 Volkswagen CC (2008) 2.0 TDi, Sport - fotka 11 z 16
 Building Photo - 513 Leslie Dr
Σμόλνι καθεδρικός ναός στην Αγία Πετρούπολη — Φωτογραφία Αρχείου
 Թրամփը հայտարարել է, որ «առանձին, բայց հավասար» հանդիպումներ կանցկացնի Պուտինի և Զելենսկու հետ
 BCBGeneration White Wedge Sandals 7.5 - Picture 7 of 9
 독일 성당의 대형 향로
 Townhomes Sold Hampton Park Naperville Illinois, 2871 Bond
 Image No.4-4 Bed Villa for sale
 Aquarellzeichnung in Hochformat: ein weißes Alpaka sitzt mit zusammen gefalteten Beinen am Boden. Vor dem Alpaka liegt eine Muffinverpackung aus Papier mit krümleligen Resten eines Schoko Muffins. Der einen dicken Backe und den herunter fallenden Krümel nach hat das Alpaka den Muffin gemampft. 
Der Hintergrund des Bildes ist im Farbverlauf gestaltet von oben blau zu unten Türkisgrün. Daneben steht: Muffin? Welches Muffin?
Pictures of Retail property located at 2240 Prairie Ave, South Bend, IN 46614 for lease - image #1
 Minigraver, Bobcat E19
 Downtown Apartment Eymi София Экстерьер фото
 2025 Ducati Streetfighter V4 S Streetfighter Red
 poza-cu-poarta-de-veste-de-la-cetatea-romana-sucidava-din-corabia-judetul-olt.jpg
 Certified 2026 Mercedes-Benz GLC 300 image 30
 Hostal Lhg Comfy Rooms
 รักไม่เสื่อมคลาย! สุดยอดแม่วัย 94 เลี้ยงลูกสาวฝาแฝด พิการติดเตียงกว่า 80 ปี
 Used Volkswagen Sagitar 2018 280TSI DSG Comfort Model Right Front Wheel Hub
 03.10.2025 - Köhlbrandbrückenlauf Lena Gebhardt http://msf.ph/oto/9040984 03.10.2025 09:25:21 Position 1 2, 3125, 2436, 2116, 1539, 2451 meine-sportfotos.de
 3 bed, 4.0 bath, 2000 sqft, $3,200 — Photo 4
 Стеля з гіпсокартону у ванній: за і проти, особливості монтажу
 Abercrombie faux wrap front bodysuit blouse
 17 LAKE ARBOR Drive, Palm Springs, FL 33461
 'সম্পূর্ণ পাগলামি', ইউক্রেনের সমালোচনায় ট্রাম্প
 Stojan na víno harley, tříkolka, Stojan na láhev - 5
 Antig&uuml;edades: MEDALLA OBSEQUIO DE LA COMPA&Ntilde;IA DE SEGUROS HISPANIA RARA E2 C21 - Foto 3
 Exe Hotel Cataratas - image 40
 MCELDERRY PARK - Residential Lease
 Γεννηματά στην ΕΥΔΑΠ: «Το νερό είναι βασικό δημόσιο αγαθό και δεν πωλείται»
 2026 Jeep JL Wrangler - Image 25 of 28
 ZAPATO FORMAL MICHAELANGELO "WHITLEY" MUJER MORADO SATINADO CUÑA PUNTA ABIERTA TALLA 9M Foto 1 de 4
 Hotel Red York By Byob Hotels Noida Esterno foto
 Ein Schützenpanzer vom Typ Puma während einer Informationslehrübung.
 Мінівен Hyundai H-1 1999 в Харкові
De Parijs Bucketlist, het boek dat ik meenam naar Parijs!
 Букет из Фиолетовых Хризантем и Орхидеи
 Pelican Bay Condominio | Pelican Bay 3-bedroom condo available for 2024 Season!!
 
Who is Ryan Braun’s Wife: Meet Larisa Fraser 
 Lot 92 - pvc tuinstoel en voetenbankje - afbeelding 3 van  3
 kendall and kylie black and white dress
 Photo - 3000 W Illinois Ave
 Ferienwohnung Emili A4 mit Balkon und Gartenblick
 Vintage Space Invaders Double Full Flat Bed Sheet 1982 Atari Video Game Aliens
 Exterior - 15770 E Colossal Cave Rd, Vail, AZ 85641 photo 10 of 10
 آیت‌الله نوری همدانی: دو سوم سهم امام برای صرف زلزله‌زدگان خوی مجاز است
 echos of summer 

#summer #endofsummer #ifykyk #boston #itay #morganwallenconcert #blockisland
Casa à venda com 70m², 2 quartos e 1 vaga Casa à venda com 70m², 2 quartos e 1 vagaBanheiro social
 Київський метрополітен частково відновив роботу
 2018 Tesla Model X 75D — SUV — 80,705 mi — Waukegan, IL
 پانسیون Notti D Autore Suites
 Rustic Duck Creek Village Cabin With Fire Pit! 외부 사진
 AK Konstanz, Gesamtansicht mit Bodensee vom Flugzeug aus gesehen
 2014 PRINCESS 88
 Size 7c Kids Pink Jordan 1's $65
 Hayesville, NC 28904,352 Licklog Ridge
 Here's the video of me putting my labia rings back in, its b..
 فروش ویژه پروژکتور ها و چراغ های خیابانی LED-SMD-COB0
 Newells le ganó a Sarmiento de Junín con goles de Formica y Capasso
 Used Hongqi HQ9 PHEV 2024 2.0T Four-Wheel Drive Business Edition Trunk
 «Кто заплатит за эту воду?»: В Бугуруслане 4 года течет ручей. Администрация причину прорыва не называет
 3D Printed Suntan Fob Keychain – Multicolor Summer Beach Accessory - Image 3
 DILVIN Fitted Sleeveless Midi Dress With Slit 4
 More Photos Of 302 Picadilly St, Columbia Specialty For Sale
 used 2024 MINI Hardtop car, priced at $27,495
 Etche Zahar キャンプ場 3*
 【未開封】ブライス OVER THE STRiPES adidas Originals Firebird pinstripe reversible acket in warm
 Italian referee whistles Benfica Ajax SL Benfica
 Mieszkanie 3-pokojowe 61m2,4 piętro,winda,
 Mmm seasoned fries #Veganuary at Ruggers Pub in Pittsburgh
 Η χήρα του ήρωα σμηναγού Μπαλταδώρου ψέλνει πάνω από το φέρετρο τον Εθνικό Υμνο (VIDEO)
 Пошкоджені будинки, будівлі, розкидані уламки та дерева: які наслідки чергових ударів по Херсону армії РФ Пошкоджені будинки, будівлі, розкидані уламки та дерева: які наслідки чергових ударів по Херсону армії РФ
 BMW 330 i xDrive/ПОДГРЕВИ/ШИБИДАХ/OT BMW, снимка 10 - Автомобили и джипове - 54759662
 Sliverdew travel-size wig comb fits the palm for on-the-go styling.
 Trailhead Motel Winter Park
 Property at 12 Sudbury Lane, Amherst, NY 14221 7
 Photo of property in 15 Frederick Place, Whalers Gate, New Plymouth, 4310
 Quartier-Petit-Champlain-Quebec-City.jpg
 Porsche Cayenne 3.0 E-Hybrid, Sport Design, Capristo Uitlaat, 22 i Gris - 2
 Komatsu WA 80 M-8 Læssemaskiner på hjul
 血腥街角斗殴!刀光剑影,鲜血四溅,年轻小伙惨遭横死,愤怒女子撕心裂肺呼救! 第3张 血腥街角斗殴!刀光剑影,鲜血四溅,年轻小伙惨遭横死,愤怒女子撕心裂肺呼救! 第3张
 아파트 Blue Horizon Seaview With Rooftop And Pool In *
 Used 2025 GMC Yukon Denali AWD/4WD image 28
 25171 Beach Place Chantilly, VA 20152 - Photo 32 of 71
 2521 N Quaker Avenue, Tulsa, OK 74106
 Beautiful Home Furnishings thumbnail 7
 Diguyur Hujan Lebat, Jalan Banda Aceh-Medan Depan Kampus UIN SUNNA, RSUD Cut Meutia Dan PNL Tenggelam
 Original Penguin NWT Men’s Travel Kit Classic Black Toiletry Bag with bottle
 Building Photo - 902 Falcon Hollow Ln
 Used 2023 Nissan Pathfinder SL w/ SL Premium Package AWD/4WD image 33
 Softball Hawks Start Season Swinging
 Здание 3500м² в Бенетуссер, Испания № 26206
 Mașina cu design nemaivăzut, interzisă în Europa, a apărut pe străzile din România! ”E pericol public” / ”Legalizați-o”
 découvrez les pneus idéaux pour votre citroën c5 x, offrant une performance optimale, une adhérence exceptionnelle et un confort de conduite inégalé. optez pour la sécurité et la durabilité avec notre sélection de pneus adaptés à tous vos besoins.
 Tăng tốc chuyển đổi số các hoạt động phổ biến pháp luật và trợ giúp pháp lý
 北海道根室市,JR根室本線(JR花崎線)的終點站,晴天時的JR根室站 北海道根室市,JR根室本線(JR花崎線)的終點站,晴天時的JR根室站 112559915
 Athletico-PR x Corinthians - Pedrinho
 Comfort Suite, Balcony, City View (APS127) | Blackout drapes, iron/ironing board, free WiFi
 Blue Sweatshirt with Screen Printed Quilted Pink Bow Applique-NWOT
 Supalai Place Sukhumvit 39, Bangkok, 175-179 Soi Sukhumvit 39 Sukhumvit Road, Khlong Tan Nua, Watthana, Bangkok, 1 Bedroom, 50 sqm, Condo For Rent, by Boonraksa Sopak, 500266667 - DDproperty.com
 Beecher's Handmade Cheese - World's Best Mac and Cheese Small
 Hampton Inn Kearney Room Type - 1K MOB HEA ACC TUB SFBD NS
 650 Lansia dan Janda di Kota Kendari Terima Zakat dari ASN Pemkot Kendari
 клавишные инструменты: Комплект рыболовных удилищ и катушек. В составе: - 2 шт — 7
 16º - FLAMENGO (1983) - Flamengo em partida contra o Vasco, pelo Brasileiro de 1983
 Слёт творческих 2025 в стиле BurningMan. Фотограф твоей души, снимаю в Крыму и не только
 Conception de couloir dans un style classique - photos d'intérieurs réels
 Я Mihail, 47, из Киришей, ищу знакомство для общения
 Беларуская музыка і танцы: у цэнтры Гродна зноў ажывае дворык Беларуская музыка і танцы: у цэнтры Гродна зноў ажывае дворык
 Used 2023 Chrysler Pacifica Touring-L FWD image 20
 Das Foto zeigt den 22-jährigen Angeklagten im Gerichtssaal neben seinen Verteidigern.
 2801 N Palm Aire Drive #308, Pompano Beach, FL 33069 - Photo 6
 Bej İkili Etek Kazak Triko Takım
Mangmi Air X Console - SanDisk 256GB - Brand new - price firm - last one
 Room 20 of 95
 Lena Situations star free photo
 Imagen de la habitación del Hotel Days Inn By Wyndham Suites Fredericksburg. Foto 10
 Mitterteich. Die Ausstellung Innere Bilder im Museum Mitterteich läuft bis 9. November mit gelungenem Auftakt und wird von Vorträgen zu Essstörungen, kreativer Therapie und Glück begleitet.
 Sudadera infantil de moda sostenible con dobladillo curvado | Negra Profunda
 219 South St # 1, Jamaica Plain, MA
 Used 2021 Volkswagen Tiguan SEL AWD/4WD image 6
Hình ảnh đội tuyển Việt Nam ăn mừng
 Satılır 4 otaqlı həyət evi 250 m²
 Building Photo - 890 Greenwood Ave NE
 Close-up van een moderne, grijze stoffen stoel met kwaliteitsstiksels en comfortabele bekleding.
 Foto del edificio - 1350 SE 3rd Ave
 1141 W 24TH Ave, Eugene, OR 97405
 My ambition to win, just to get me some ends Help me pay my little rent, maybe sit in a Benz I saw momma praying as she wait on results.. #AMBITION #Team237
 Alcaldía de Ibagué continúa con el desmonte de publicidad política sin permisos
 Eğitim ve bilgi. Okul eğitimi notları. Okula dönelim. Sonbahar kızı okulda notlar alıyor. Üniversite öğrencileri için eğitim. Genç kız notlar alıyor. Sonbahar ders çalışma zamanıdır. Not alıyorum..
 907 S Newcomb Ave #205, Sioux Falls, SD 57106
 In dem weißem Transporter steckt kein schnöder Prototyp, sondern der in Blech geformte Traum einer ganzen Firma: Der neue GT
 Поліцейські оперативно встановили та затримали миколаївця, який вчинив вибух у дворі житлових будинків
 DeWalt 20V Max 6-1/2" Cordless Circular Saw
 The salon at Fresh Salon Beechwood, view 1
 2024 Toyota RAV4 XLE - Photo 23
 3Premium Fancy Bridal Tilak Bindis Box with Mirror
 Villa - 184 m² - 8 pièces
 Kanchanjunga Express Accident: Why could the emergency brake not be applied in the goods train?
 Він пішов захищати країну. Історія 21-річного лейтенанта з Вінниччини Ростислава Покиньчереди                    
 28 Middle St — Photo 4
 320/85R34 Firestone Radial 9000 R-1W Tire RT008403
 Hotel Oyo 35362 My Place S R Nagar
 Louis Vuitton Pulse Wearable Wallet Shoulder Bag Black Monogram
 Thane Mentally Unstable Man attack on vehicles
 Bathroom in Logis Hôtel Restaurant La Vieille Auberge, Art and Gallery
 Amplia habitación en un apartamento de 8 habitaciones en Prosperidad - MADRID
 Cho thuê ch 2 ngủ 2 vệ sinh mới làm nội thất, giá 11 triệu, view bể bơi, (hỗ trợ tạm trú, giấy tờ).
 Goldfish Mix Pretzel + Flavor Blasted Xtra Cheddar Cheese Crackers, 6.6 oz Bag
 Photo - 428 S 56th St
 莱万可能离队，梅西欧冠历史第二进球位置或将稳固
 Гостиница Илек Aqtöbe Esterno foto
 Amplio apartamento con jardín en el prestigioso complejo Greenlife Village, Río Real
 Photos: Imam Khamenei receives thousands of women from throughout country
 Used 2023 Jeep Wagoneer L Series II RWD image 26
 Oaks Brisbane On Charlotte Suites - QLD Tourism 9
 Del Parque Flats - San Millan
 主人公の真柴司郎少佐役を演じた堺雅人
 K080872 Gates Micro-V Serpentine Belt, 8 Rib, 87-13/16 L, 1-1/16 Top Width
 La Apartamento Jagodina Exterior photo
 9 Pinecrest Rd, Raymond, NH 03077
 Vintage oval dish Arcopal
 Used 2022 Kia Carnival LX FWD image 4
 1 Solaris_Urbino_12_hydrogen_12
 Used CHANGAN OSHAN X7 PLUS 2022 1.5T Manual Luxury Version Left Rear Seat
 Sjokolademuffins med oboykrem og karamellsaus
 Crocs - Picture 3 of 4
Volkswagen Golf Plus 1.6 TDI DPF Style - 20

_ _ _ _ _ _ _

Start with the line above that contains "Building Photo - 513 Leslie Dr" and end with the line that contains "2025 Ducati Streetfighter". Write out those lines exactly, and only those.

 Building Photo - 513 Leslie Dr
Σμόλνι καθεδρικός ναός στην Αγία Πετρούπολη — Φωτογραφία Αρχείου
 Թրամփը հայտարարել է, որ «առանձին, բայց հավասար» հանդիպումներ կանցկացնի Պուտինի և Զելենսկու հետ
 BCBGeneration White Wedge Sandals 7.5 - Picture 7 of 9
 독일 성당의 대형 향로
 Townhomes Sold Hampton Park Naperville Illinois, 2871 Bond
 Image No.4-4 Bed Villa for sale
 Aquarellzeichnung in Hochformat: ein weißes Alpaka sitzt mit zusammen gefalteten Beinen am Boden. Vor dem Alpaka liegt eine Muffinverpackung aus Papier mit krümleligen Resten eines Schoko Muffins. Der einen dicken Backe und den herunter fallenden Krümel nach hat das Alpaka den Muffin gemampft. 
Der Hintergrund des Bildes ist im Farbverlauf gestaltet von oben blau zu unten Türkisgrün. Daneben steht: Muffin? Welches Muffin?
Pictures of Retail property located at 2240 Prairie Ave, South Bend, IN 46614 for lease - image #1
 Minigraver, Bobcat E19
 Downtown Apartment Eymi София Экстерьер фото
 2025 Ducati Streetfighter V4 S Streetfighter Red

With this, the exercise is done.